Cuando quebró el gobierno en 1982 porque se encontraba endeudado hasta las orejas, nos encontramos con que la industria mexicana estaba estancada, sin poder revitalizarse con los esquemas tradicionales de gasto público. Lo imperativo era modernizar a la planta produtiva en forma acelerada para que se crearan nuevas fuentes de empleo y se elevara la productividad. Dado el retraso relativo de la planta productiva respecto al resto del mundo y el enorme endeudamiento del gobierno, la única salida posible era la de forzar la modernización a través de la apertura a las importaciones. Contrario a lo que muchos industriales piensan, el objetivo principal de la apertura económica era la modernización de la planta productiva y no la disminución de la inflación, aunque, en el contexto del Pacto, ese objetivo también acabó siendo relevante. Quizá el mayor error de la apertura residió en su premisa de entrada: el gobierno presupuso que la mayoría de los industriales mexicanos se adaptarían con gran rapidez a la competencia del exterior, cosa que simplemente no ocurrió.
Hoy en día nos encontramos con dos economías operando en paralelo. La «vieja» economía está experimentando un proceso de muerte rápida o lenta, generalmente dependiendo del nivel de endeudamiento de cada empresa. Esta parte de la economía, en todos los sectores productivos, se caracteriza por empresas que no se adaptaron al reto de la apertura, que no lo pudieron hacer o que no supieron hacerlo. De una o de otra manera, se están llevando al sistema bancario de corbata. Por su parte, en los últimos años ha surgido una economía «nueva», formada por todas las empresas que sí comprendieron el reto y que lograron superarlo, así como por las de reciente creación. Se trata del conjunto de empresas, en todos los sectores, que exportan (directa o indirectamente), que compiten exitosamente con las importaciones y que han logrado salir adelante a pesar de la recesión. Muchas de estas empresas son grandes, pero esa no es su característica esencial: lo que las distingue es la claridad de visión de sus empresarios.

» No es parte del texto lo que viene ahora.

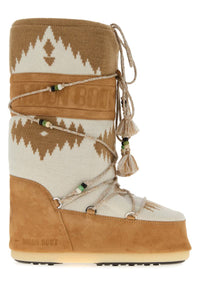 Alanui Boots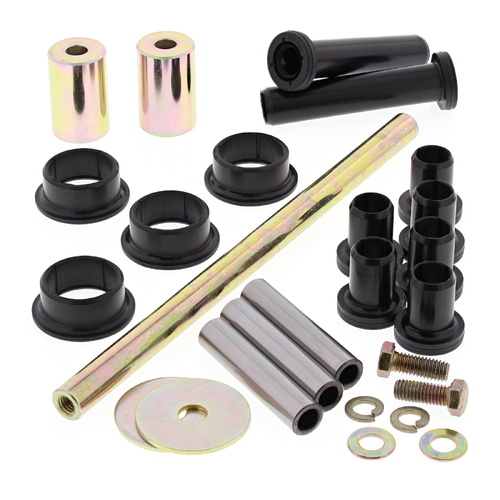 All Balls Racing IRS SUSPENSION KIT 50-1107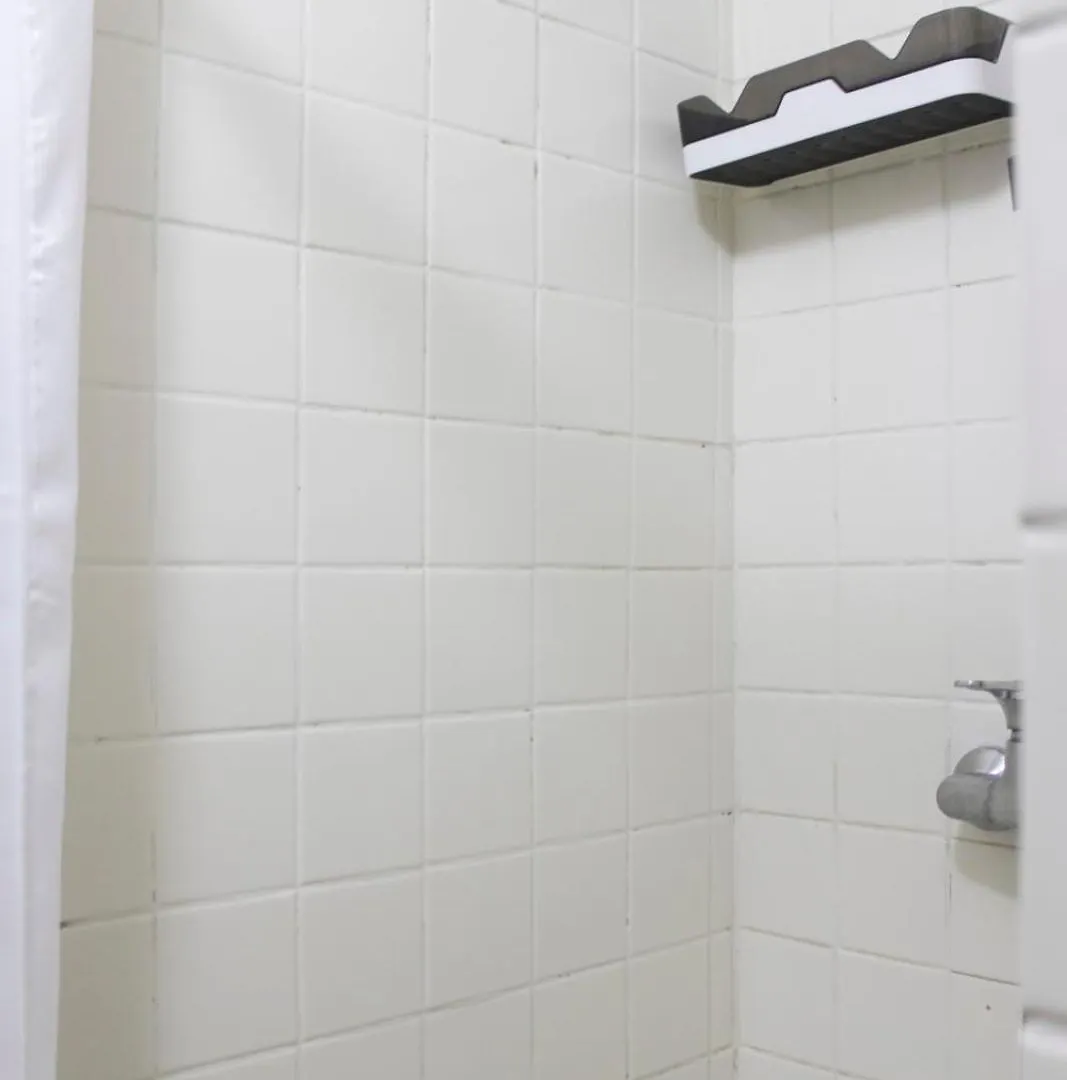 An Ideal Pied-A-Terre At The Gateway To Paris Arcueil Apartment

En este contexto, la economía no va a «tocar fondo» en el corto plazo. Más bien, la actividad económica y el empleo dejarán de caer en la medida en que la «nueva» economía crezca suficiente como para empezar a compensar la caida irremediable de la «vieja» economía. Esta distinción es clave tanto para el empleo como para la política gubernamental. Si bien hay mucho que se puede hacer para aminorar la caida de la «vieja» economía, la esencia de la labor gubernamental debería concentrarse en promover a las empresas que están creciendo; a facilitar el crecimiento de las que lo pueden hacer con rapidez, pero que están atoradas en el mar de burocratismo que caracteriza al gobierno y a los bancos; y a promover toda clase de esquemas de maquila, subcontratación, etcétera, para integrar a las empresas que están muriéndose en las cadenas productivas de las empresas exitosas. Hay que olvidarse de tocar fondo para empezar la recuperación.